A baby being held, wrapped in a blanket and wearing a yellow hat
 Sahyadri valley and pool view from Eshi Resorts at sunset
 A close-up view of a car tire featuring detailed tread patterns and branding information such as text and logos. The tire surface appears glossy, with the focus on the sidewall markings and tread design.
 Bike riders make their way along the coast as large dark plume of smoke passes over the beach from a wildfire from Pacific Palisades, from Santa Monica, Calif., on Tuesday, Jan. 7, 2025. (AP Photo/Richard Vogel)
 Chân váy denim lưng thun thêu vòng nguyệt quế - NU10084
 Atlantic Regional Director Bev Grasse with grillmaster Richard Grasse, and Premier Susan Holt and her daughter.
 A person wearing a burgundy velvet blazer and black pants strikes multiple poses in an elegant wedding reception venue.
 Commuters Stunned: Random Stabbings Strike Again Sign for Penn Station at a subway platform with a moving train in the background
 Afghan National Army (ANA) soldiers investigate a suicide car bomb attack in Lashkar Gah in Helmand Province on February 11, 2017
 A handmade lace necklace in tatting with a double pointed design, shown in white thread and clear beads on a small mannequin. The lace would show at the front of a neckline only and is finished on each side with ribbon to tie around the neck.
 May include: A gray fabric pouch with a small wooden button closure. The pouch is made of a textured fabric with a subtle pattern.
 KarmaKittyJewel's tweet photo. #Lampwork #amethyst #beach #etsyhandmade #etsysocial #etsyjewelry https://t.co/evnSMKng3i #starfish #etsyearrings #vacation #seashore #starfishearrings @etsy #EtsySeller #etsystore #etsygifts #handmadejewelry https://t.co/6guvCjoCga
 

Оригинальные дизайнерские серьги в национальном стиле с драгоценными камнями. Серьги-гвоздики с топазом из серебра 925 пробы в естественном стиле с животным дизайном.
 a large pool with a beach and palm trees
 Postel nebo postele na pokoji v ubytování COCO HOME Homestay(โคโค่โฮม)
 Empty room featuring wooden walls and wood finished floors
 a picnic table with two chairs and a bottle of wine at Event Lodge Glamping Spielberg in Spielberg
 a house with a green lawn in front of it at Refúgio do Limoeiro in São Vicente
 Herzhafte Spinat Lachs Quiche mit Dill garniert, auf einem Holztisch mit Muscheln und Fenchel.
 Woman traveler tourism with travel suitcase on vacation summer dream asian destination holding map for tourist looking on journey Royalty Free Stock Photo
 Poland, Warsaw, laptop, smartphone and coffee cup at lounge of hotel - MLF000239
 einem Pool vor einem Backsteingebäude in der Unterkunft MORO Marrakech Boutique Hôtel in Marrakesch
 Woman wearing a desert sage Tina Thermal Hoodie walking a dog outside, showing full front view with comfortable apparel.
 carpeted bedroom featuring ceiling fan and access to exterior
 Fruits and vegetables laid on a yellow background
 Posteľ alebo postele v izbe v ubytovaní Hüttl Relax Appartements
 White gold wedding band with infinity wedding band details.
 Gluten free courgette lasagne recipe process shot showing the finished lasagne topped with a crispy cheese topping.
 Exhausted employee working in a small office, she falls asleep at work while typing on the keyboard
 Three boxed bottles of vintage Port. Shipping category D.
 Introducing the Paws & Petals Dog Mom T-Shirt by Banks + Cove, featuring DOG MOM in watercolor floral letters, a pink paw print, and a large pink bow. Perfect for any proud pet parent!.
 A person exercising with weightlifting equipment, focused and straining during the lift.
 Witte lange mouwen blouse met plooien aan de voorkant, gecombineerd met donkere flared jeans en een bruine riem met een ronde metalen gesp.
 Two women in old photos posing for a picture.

* * * *

Exercise: From the first line of the records above down to the line containing "A close-up view", repeat each line exactly as written. Include both of those lines and add nothing.

Solution to the exercise:
A baby being held, wrapped in a blanket and wearing a yellow hat
 Sahyadri valley and pool view from Eshi Resorts at sunset
 A close-up view of a car tire featuring detailed tread patterns and branding information such as text and logos. The tire surface appears glossy, with the focus on the sidewall markings and tread design.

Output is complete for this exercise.